Algebraic expressions are mathematical phrases that can include numbers, variables, and operation symbols. They are used to describe relationships and changes, and they form the backbone of algebra. Unlike equations, they don't express equality but rather represent quantities that can vary or be unknown. In our example, 6-(-8) is an algebraic expression showing the operation of subtracting a negative number from a positive one.

Understanding algebraic expressions is crucial because they allow us to succinctly describe complex numerical situations. For instance, in our given expression, the positive integer 6 is being subtracted by a negative integer 8, creating the need to understand how to handle negatives in this context.

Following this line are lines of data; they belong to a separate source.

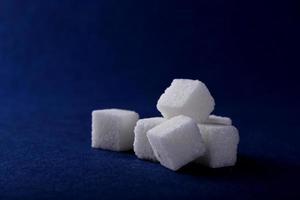 Close-up of Sugar Cubes on Blue Background
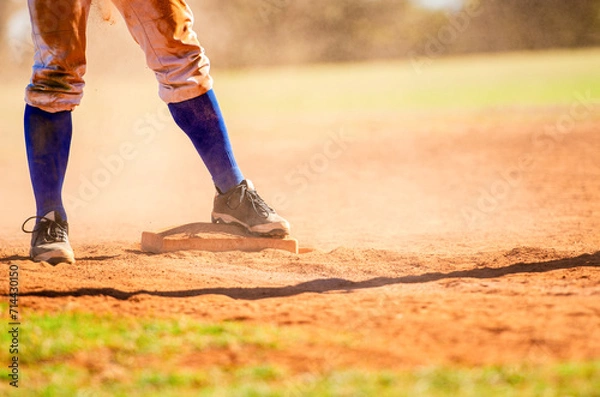 Obraz Baseball player on third base. Baseball player wearing blue socks standing on a base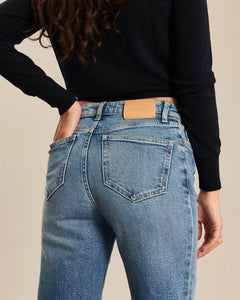 Jean coupe bootcut en denim bleu rétro, matière coton avec légère décoloration, taille moyenne s'ajustant parfaitement aux morphologies féminines.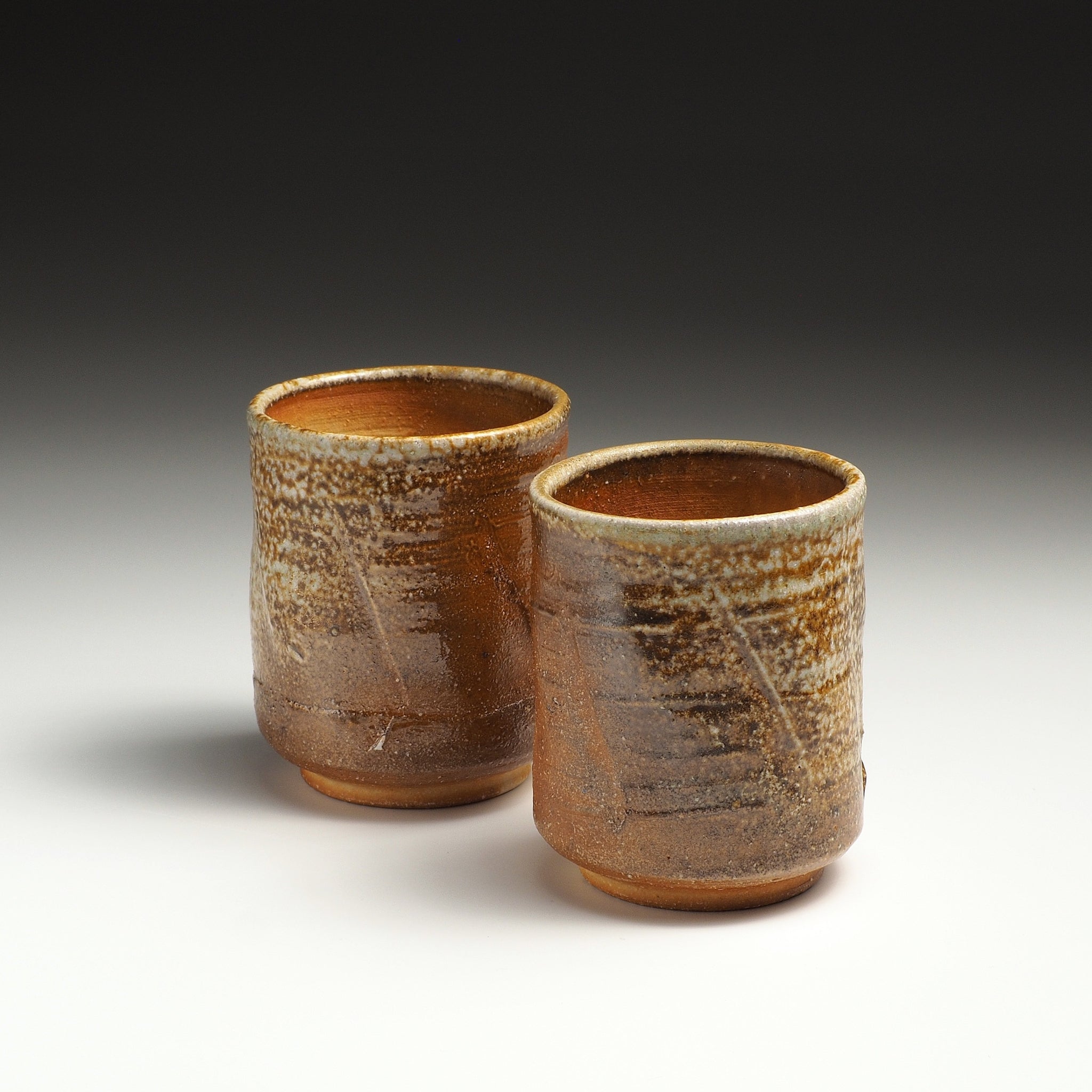 Two Yubae handmade Shigaraki yunomi teacups standing side by side with contrasting earthy firing tones.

The rules for the addition and subtraction of integers are fundamental to correctly solving algebraic problems. Adding integers with the same sign means combining their absolute values, while adding integers with opposite signs involves finding the difference between their absolute values. As for subtraction, remember that subtracting an integer is the same as adding its opposite, making 6-(-8) become 6+8 after applying this rule.

Integers can be visualized on a number line, with subtraction of an integer being equivalent to moving in the opposite direction. This visualization helps to understand why subtracting a negative number actually increases the value, shifting our position to the right on the number line towards higher numbers.

Basic arithmetic operations include addition, subtraction, multiplication, and division. They serve as building blocks for more advanced math concepts. With addition, we combine quantities, while subtraction involves taking away. Multiplication can be seen as repeated addition, and division as the process of distributing a number into equal parts.

In our example 6-(-8), application of basic arithmetic starts with recognizing the subtraction of a negative number. Here, we applied the rule that subtracting a negative is equivalent to addition, transforming our expression into 6+8. The final addition yields 14, showcasing the importance of mastering these operations to simplify and solve algebraic expressions correctly.